Would it be a capital punishment if I used a java.util.Deque instead of a javaslang Stack inside of the RedBlackTree? I am experimenting trying to improve performance, and java.util.Deque seems to help in some scenarios.

Also, are iterators meant to be thread-safe in javaslang collections?

eduardmanas on 4 May 2016

To put it into context, when using java.util.ArrayDeque the performance of the javaslang implementation goes up by 40% when iterating over a TreeMap.

I don't think it is an issue with the javaslang.collection.Stack implementation, as when using java.util.LinkedList I get similar performances. The difference I think is that java.util.ArrayDequeu uses an array as the backing structure for the stack, and hence avoids having to create so many objects and linking them while iterating.

I don't see any issues using java.util.ArrayDeque unless the iterator needs to be thread-safe. For what I can see the current iterator implementation using javaslang.collection.Stack is not thread-safe anyway, as it is possible for two threads to retrieve the same item from the iterator.

eduardmanas on 4 May 2016

used a java.util.Deque instead of a javaslang Stack inside of the RedBlackTree

If you can guarantee that the mutability won't leak out and you don't need to synchronize the object for certain operations, it should be ok. Also, the readability of the code shouldn't change too much.

Generally I tend to use mutability inside a method only, builder-pattern style.

paplorinc on 4 May 2016

Sorry for being so silent the last days. I also think that using an ArrayDequeue should be ok if the mutability does not leak out. Please keep in mind that we get thread-safety for free when using immutable, persistent data structures. We have to ensure that different versions (e.g. when adding or removing elements) of our collections are still persistent (i.e. the previous version does not change).

Iterators are inherently mutable and (in our case) not thread-safe. Here it is ok to use the fastest implementation possible.

danieldietrich on 6 May 2016

Hello guys! Is the implementation on this feature stalled? Any plans on going forward?

nfekete on 2 Feb 2017

https://github.com/javaslang/javaslang/pull/1317 addresses this issue, but it's in review for almost a year.
@eduardmanas, @danieldietrich, what's the reason for that?

paplorinc on 2 Feb 2017

@nfekete @paplorinc @eduardmanas I'm the reason for the stall - more specifically the lack of time. Eduard did a great job. I was not satisfied with the changes to the low-level data structure RedBlackTree and worked on an alternative solution. I had a 'nearly finished' version at hand that only missed one method (that could be shipped in a preliminary O(n) version). Eduard meanwhile came up with the suggestion to optimize the RBT in the way that the empty tree is represented by null. I wanted to fix that first. Now I only need time.

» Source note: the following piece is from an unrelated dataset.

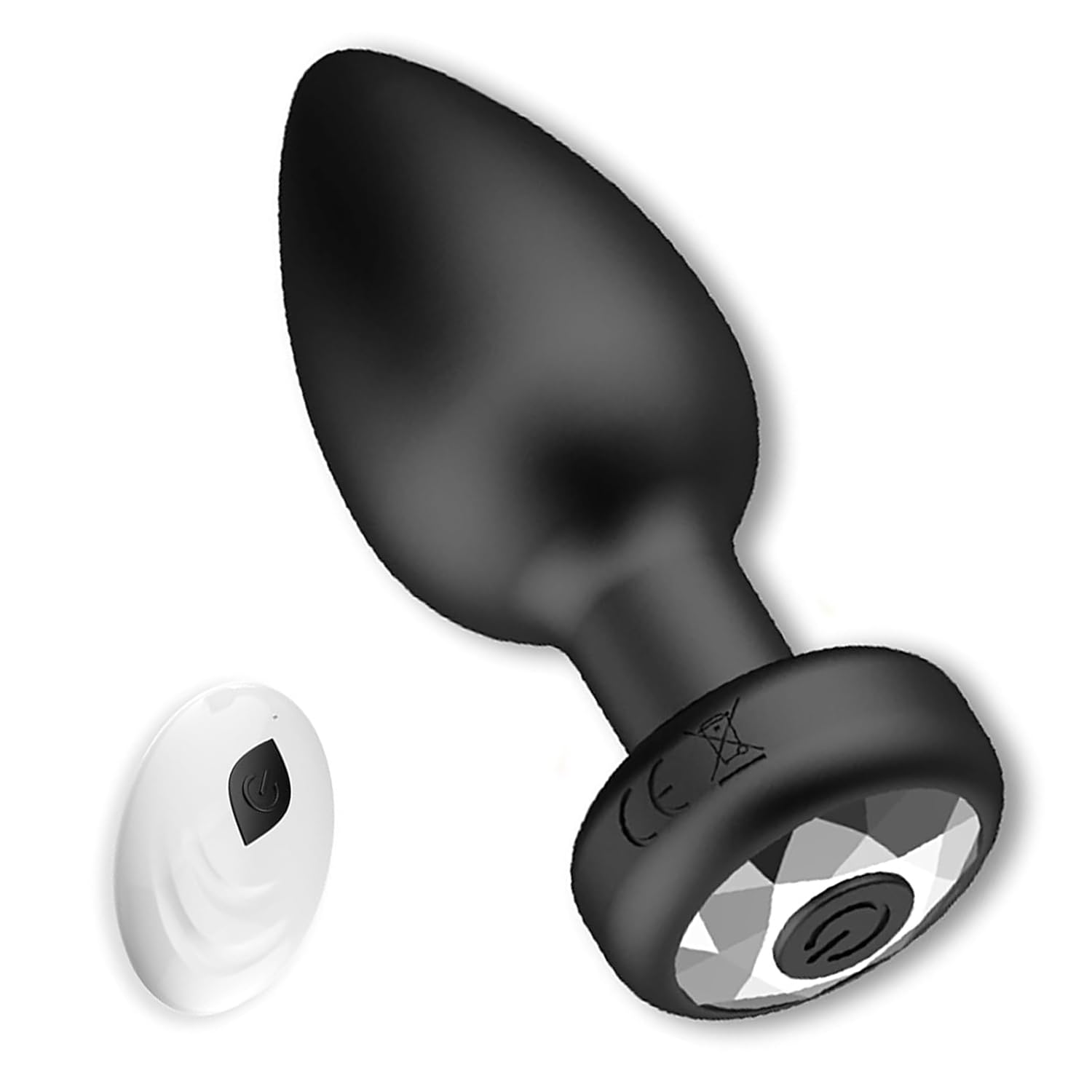 Anal Plug Adult Sex Toy Adult Sex Toys and Games for Men Women Personal Vibrator Wand Personal Massage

Here is the current state of the branch: https://github.com/danieldietrich/javaslang/blob/RedBlackTree/javaslang/src/main/java/javaslang/collection/RedBlackTree.java#L1204

If we can get rid of the Empty RBT, then we do not need AbstractTree and Node any more. There will be only one class RedBlackTree (and the DescendingTreeView aka ReverseRedBlackTreeView).

danieldietrich on 5 Feb 2017

Efficient headMap, tailMap, and subMap are the essential methods I would expect when working with a sorted map - while looking around vavr, it looks like these are not implemented?

Looking at the RedBlackTree#find implementation, it seems like with a bit of additional work, RBT could support these types of range-based operations?